Collected data
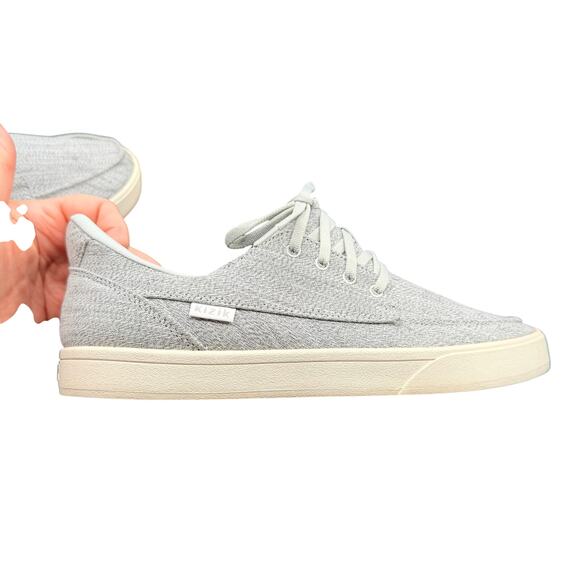 Kizik Hands-Free Sneakers Gray Men’s 9 Wide Women’s 10.5 Wide
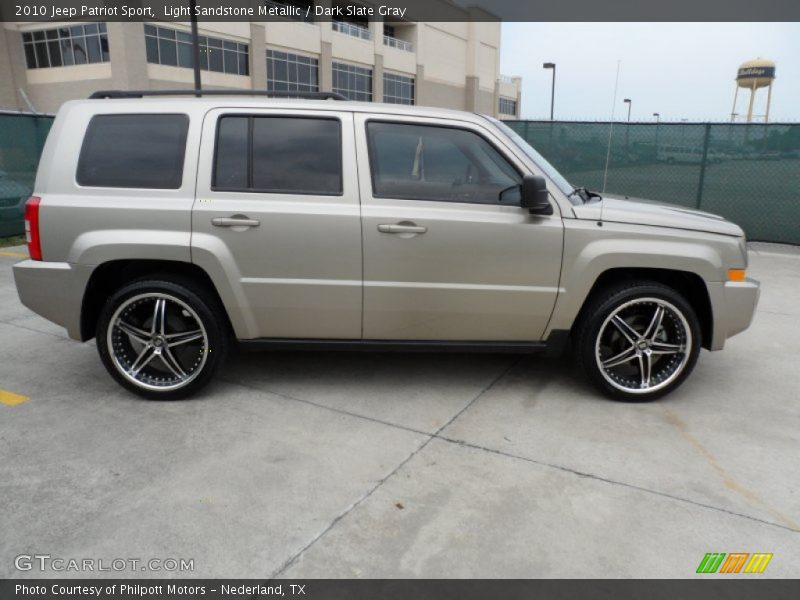 Light Sandstone Metallic / Dark Slate Gray 2010 Jeep Patriot Sport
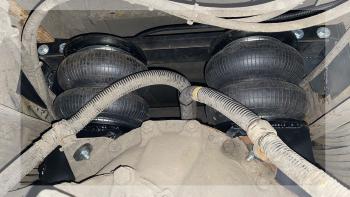 43 999 р. Комплект вспомогательной пневмоподвески на заднюю ось Aride (1226 euro4)  Hino 500 (2015-2025)  рестайлинг  с доставкой в г. Горно‑Алтайск. Увеличить фотографию 3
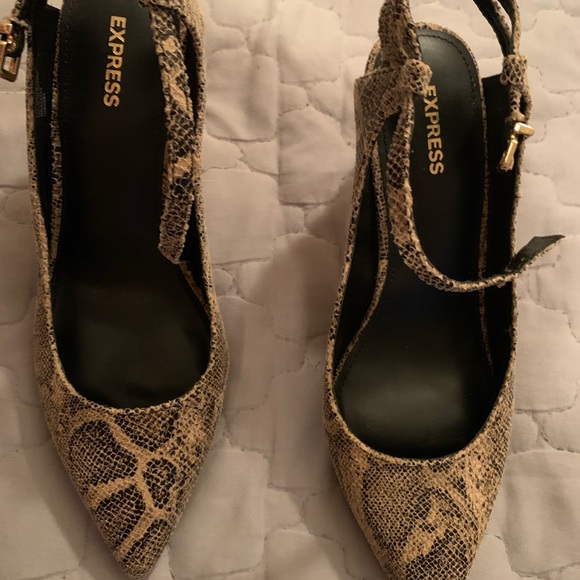 Snakeskin Heels NWOT - Picture 5 of 5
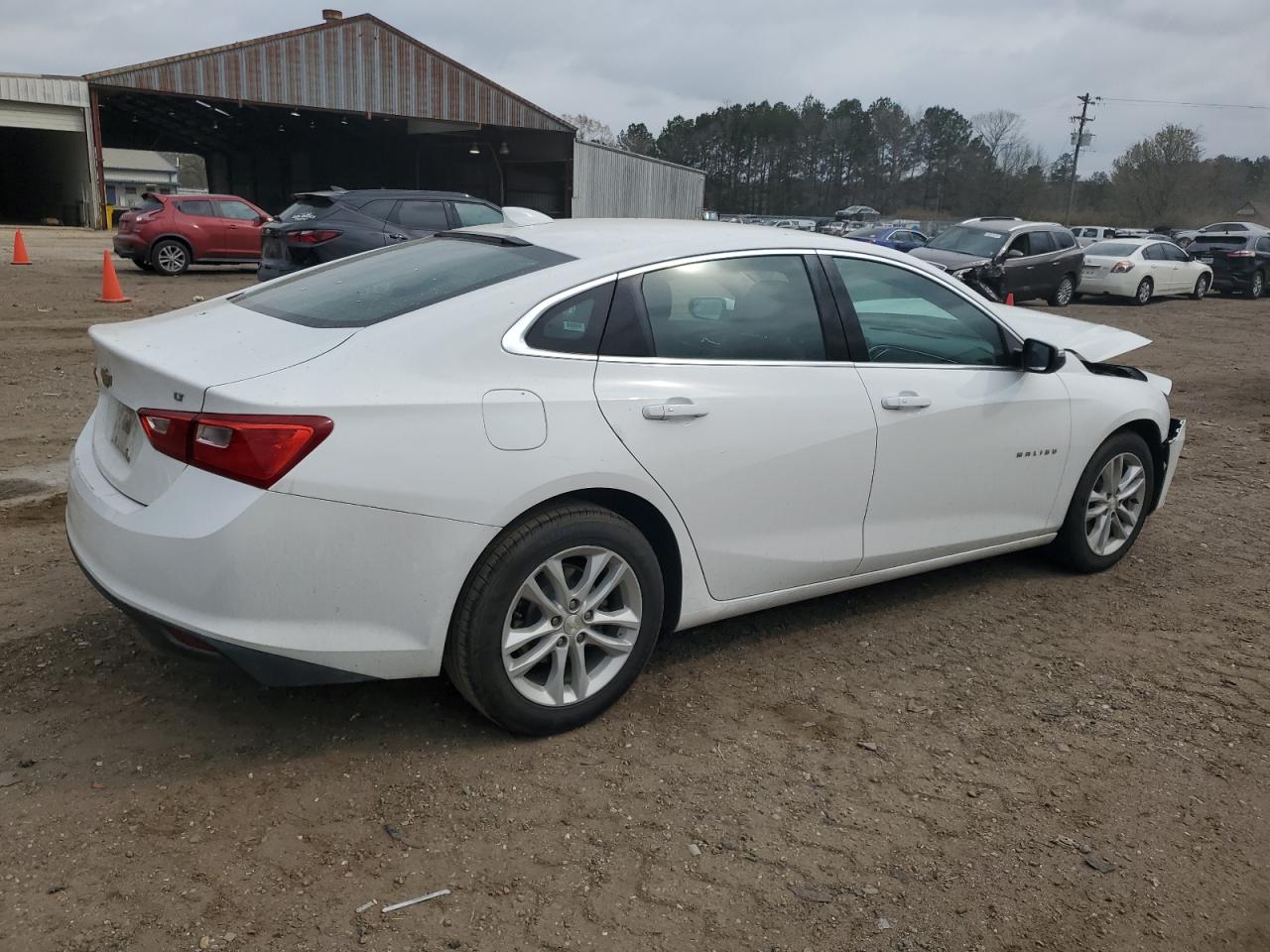 Photo 2 VIN: 1G1ZE5STXHF214329 - CHEVROLET MALIBU 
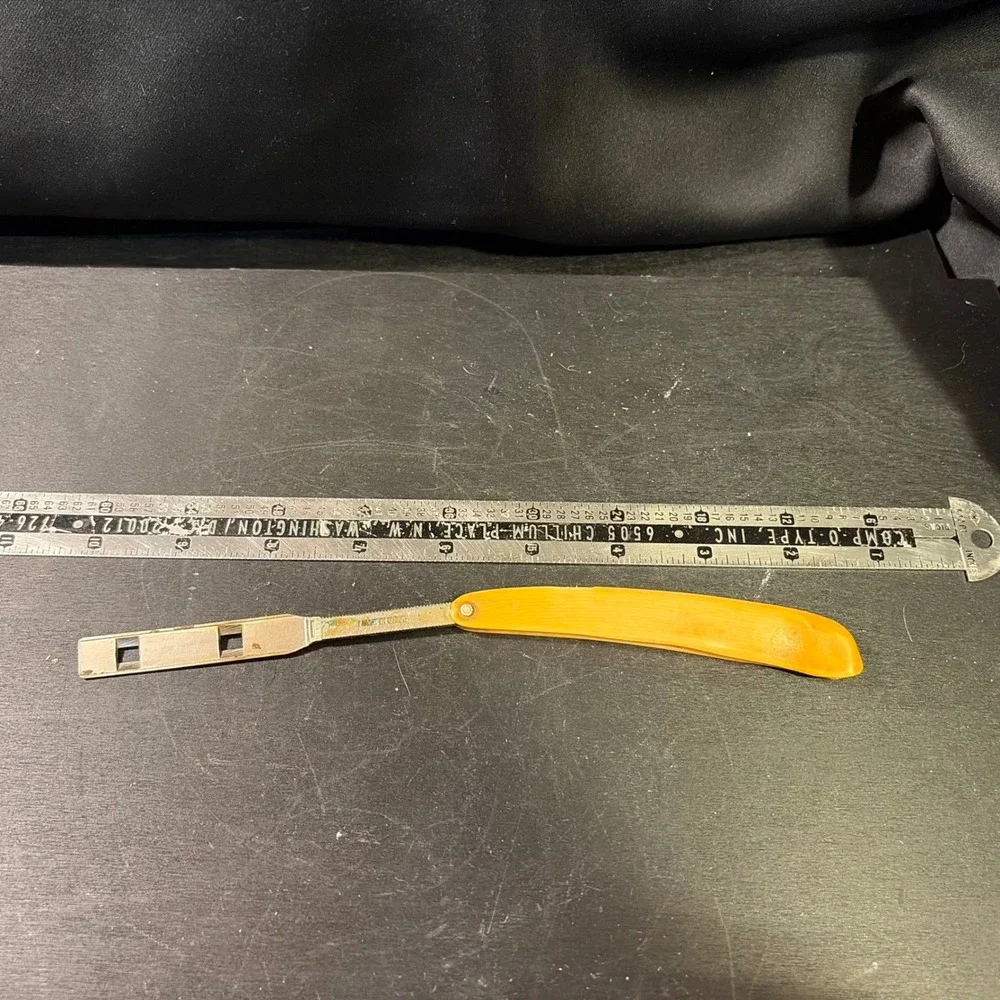 Vintage 1911 Patent Straight Razor Butterscotch Handle Made in USA Antique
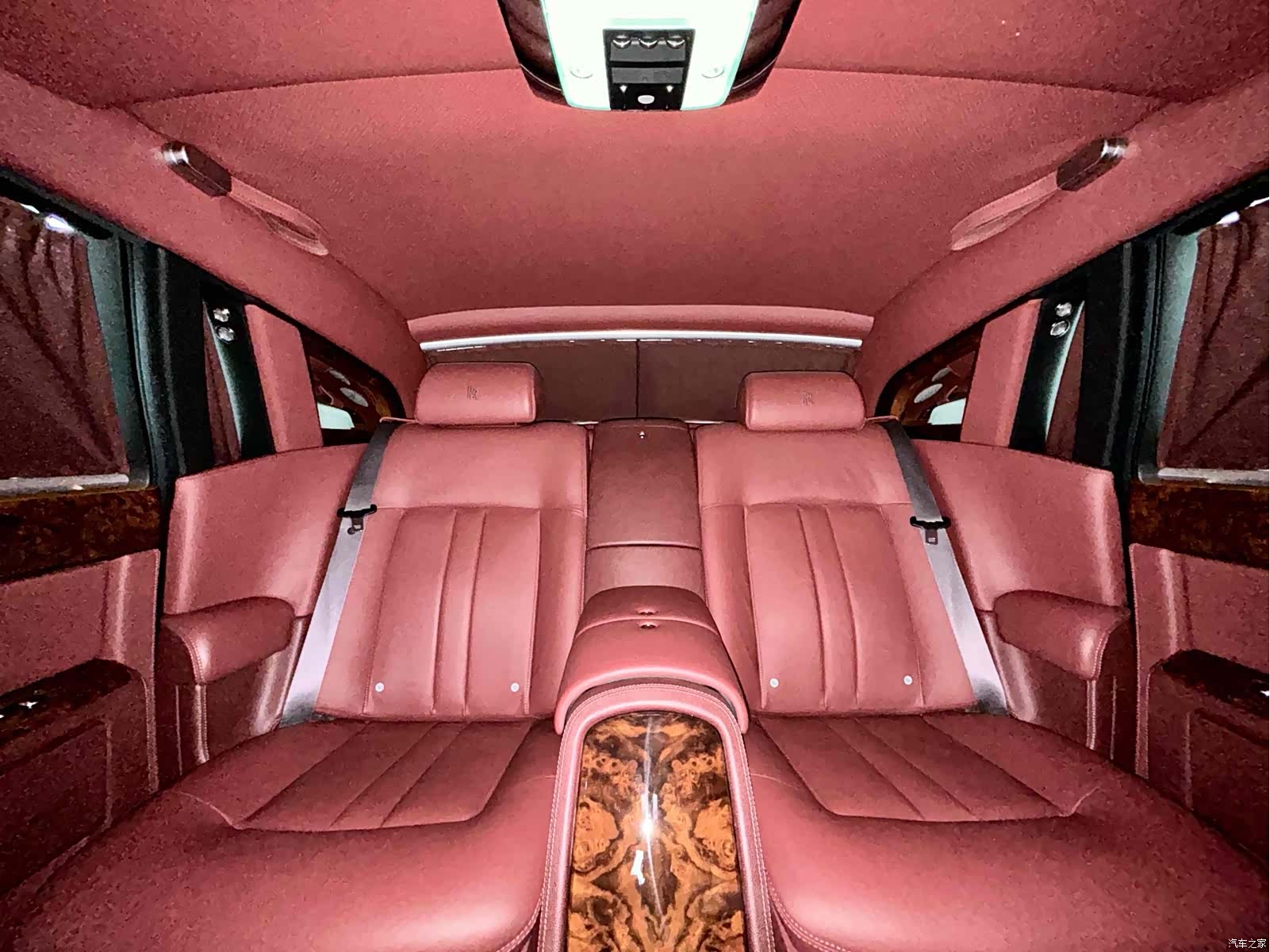 Rolls-Royce Phantom, 2013 12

→ **EXERCISE AIM**
Return all the data above as written, leaving out only the pictures.

→ **ANSWER TO THE PROBLEM**
 Kizik Hands-Free Sneakers Gray Men’s 9 Wide Women’s 10.5 Wide
 Light Sandstone Metallic / Dark Slate Gray 2010 Jeep Patriot Sport
 43 999 р. Комплект вспомогательной пневмоподвески на заднюю ось Aride (1226 euro4)  Hino 500 (2015-2025)  рестайлинг  с доставкой в г. Горно‑Алтайск. Увеличить фотографию 3
 Snakeskin Heels NWOT - Picture 5 of 5
 Photo 2 VIN: 1G1ZE5STXHF214329 - CHEVROLET MALIBU 
 Vintage 1911 Patent Straight Razor Butterscotch Handle Made in USA Antique
 Rolls-Royce Phantom, 2013 12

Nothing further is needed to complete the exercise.